> **Work instructions**: Below this line are records; write out exactly the lines from the one containing "2026 Kawasaki Ninja® 500" through the one containing "900 Brickell Key Blvd #PH3403, Miami FL 33131", with the pictures left out.

> **Material for the task**:
———

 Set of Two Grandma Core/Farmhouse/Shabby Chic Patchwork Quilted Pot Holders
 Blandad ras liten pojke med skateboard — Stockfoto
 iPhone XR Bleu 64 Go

———

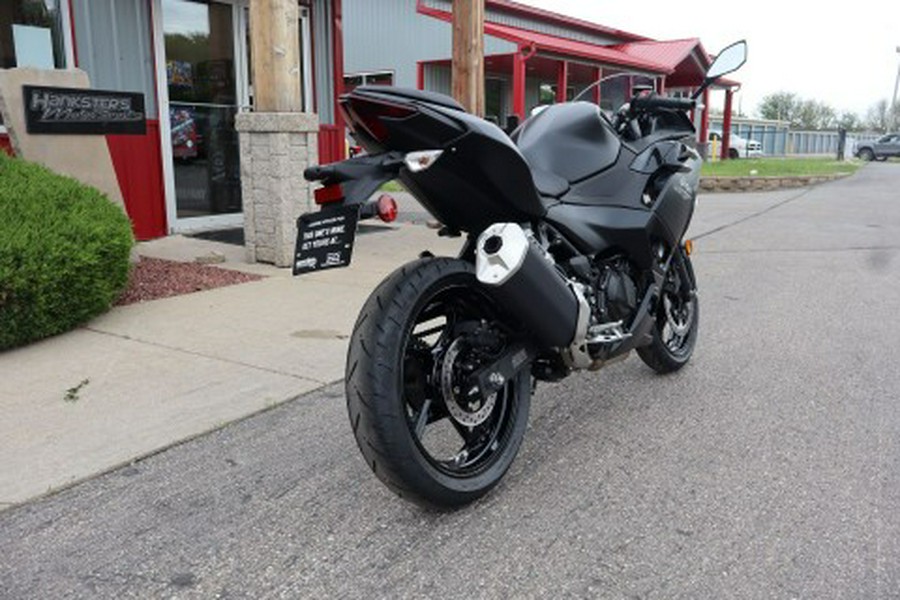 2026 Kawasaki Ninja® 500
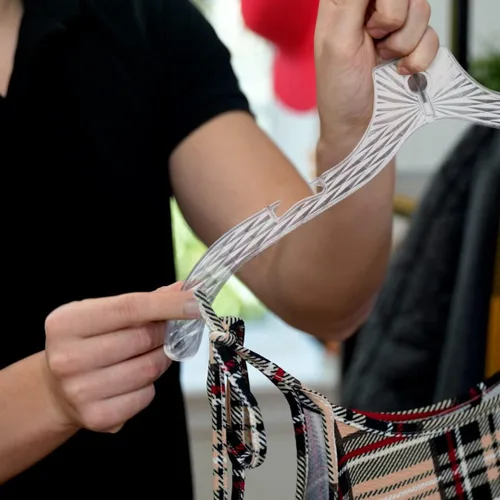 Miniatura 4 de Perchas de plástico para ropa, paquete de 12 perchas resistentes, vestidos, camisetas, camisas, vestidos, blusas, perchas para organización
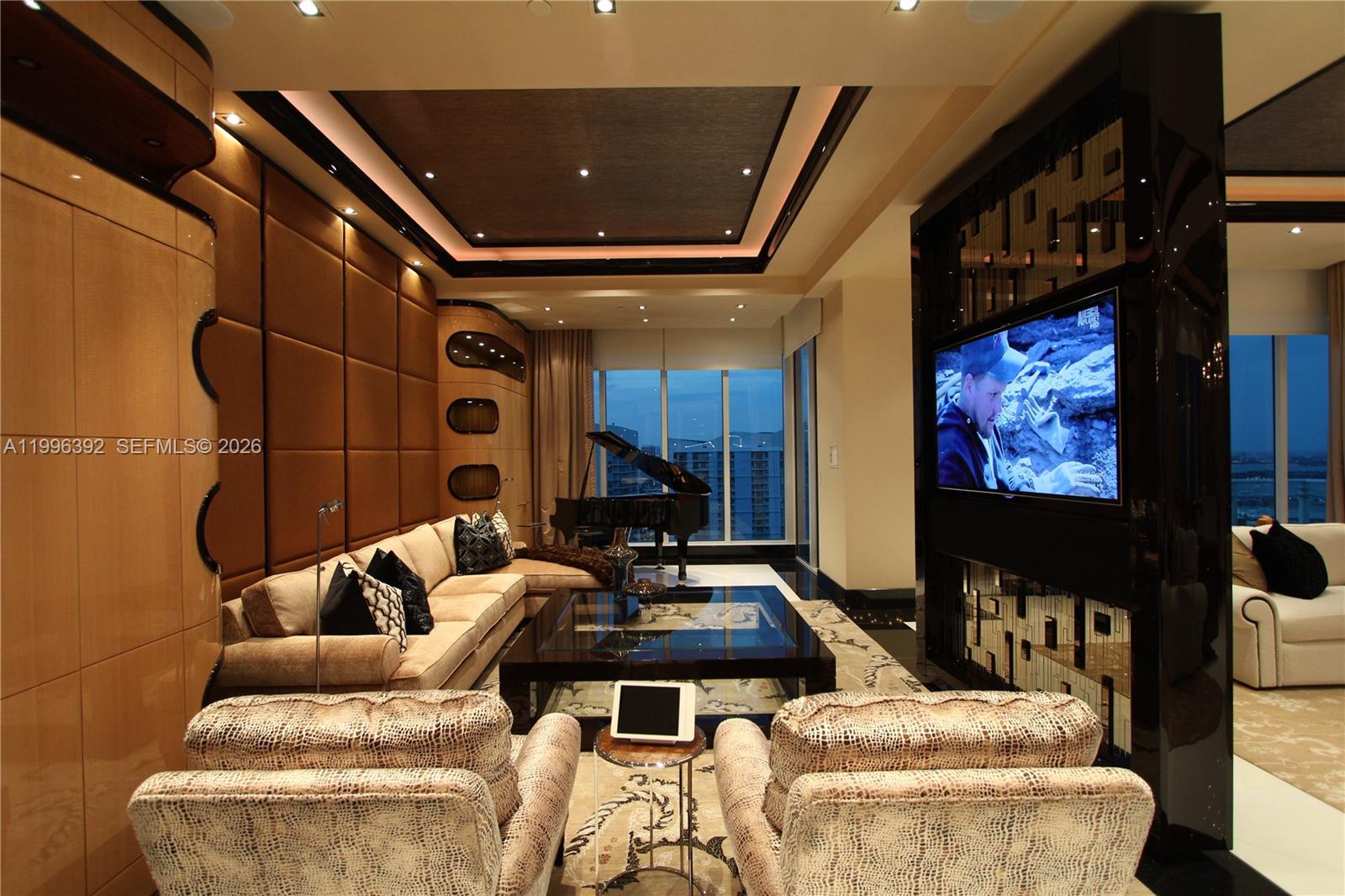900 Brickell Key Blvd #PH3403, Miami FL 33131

———

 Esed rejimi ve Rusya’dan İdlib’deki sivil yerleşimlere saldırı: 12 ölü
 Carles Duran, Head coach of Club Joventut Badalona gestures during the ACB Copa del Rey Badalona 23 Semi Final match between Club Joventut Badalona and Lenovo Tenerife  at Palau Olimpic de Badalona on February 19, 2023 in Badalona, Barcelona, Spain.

———

> **Answer box**:
 2026 Kawasaki Ninja® 500
 Miniatura 4 de Perchas de plástico para ropa, paquete de 12 perchas resistentes, vestidos, camisetas, camisas, vestidos, blusas, perchas para organización
900 Brickell Key Blvd #PH3403, Miami FL 33131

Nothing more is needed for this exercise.